# [Dataset extract]
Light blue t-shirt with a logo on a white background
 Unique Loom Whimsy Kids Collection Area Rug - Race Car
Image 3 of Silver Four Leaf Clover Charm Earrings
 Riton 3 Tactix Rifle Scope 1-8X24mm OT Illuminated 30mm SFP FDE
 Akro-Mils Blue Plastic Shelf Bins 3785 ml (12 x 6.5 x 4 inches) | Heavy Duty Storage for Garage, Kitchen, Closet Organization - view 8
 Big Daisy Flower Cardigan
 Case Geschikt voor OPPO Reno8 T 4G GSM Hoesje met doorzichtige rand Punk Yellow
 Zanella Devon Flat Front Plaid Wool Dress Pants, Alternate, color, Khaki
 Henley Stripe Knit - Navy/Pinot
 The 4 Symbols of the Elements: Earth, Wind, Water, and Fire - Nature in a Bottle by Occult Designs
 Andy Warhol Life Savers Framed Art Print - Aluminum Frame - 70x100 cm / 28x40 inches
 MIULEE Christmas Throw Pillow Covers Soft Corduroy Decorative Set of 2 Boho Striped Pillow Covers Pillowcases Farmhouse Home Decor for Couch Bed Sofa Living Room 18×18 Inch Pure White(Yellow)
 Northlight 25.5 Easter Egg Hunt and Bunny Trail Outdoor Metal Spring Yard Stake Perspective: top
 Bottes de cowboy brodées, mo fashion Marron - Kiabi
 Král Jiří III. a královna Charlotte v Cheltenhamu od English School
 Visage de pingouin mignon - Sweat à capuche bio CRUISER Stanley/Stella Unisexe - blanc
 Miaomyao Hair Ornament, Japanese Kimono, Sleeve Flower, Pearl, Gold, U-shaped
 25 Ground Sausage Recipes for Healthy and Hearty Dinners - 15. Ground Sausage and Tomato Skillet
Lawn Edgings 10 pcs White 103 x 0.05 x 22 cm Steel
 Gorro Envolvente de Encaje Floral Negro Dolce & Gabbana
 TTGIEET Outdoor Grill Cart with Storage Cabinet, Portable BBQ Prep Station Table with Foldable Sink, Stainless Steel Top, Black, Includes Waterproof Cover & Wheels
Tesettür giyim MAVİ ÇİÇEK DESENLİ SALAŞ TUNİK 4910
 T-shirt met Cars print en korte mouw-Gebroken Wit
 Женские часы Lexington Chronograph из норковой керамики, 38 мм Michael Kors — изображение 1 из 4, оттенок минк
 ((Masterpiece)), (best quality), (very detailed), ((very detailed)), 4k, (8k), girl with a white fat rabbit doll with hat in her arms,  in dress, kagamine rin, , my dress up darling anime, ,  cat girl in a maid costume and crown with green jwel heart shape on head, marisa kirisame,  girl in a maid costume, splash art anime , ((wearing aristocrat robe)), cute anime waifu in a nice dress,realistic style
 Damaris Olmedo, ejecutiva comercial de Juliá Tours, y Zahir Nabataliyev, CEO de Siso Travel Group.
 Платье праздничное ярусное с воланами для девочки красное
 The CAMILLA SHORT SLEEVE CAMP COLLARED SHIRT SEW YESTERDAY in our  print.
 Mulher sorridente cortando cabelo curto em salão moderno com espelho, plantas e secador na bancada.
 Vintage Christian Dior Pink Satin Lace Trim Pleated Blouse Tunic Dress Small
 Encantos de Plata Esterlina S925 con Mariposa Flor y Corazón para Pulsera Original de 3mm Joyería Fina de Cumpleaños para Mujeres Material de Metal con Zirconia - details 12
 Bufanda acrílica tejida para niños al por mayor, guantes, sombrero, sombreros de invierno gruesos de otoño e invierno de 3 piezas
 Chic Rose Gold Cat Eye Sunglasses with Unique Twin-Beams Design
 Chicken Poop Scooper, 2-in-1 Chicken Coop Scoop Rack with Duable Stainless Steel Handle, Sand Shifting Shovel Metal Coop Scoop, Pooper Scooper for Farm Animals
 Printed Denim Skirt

# [Problem to work on]
Where the records above contain a line with "Chic Rose Gold", repeat that line and each later line through the end, exactly, and nothing more.

# [Answer box]
 Chic Rose Gold Cat Eye Sunglasses with Unique Twin-Beams Design
 Chicken Poop Scooper, 2-in-1 Chicken Coop Scoop Rack with Duable Stainless Steel Handle, Sand Shifting Shovel Metal Coop Scoop, Pooper Scooper for Farm Animals
 Printed Denim Skirt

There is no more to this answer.